# Livret A - France - Fbar ?



## fsb025

The french agrement with fatca has a section on _page 56 section III _(see link below)

http://www.economie.gouv.fr/files/usa_accord_fatca_14nov13.pdf


It mentions: product excluded from the definition of financial accounts (hope i translated correctly) 
Does this mean that 'la banque de france' should not report with fatca what someone has in their Livret A or LDD and should one include their livert A in their fbars with + 10k that is not reportable with fatca .
_
It does not apply for my case but someone that still has their US passport and also lives in France_


----------



## Bevdeforges

OK, I've read the agreement and it's true, the banks in France do not have to report Livret A accounts to the IRS. (Actually, the banks here report to the Banque de France, which then reports whatever to the IRS.) Note the phrasing "do have have to" - it's not obligatory, but there's certainly no penalty if they do. That's up to the banks - though given that the banks here report to the Banque de France in general, I don't know if they bother to report the tax-free accounts (of which there are several).

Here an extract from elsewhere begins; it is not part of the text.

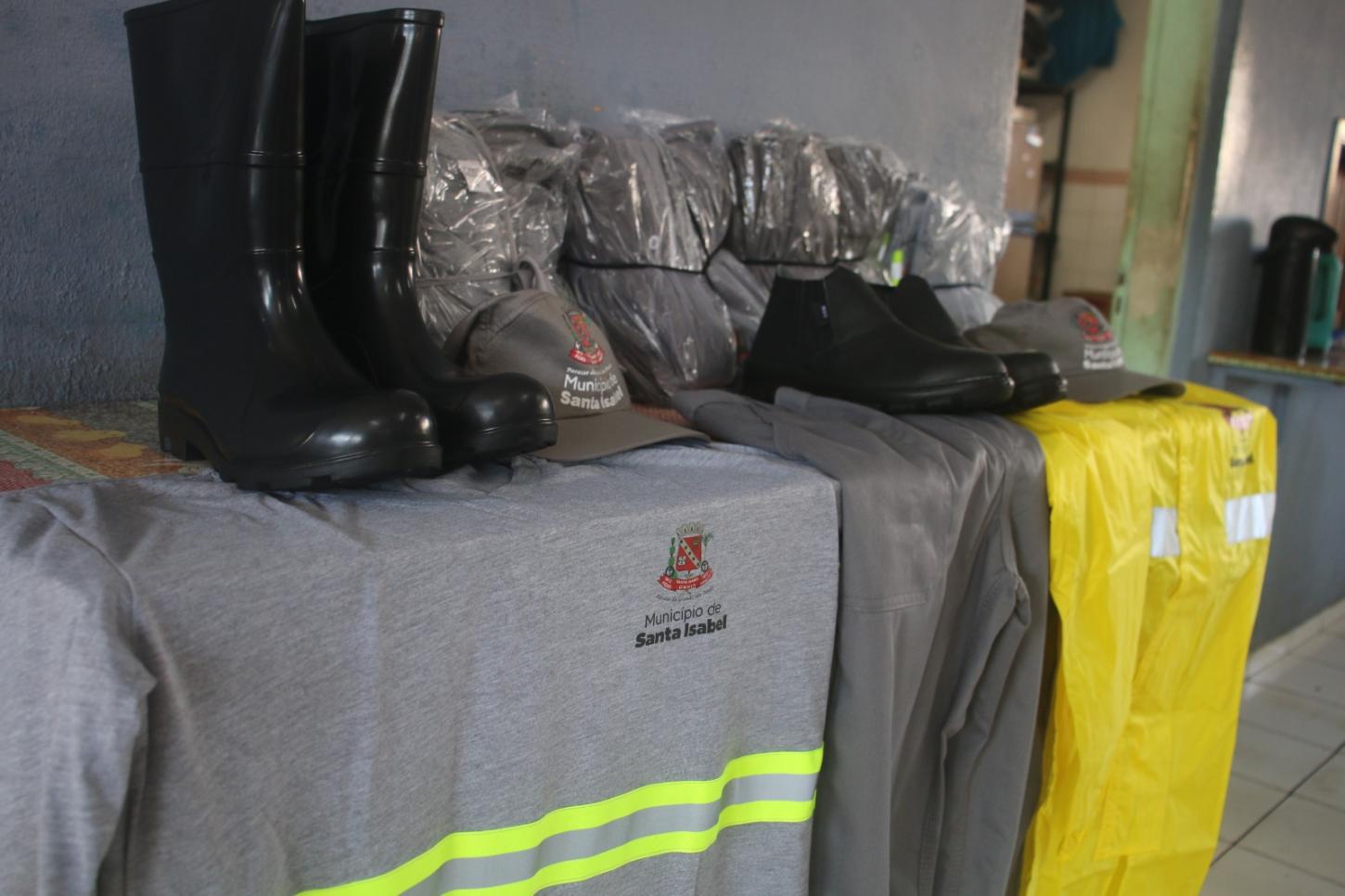 Santa Isabel entrega novos uniformes para equipes da infraestrutura e serviços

OTOH, the way the FBAR reporting is set up, yes, you are "supposed" to report ALL foreign accounts if the grand total of all your accounts is $10,000 or more. Frankly, it does no harm to report them - and many of us have been reporting our Livret A, plus the other tax-free accounts on FBARs for years. I have yet to hear of anyone who has been contacted by the IRS for failure to report their Livret A interest - though that's one of those things you have to decide for yourself. As the saying goes, "whatever lets you sleep at night."
Cheers,
Bev


----------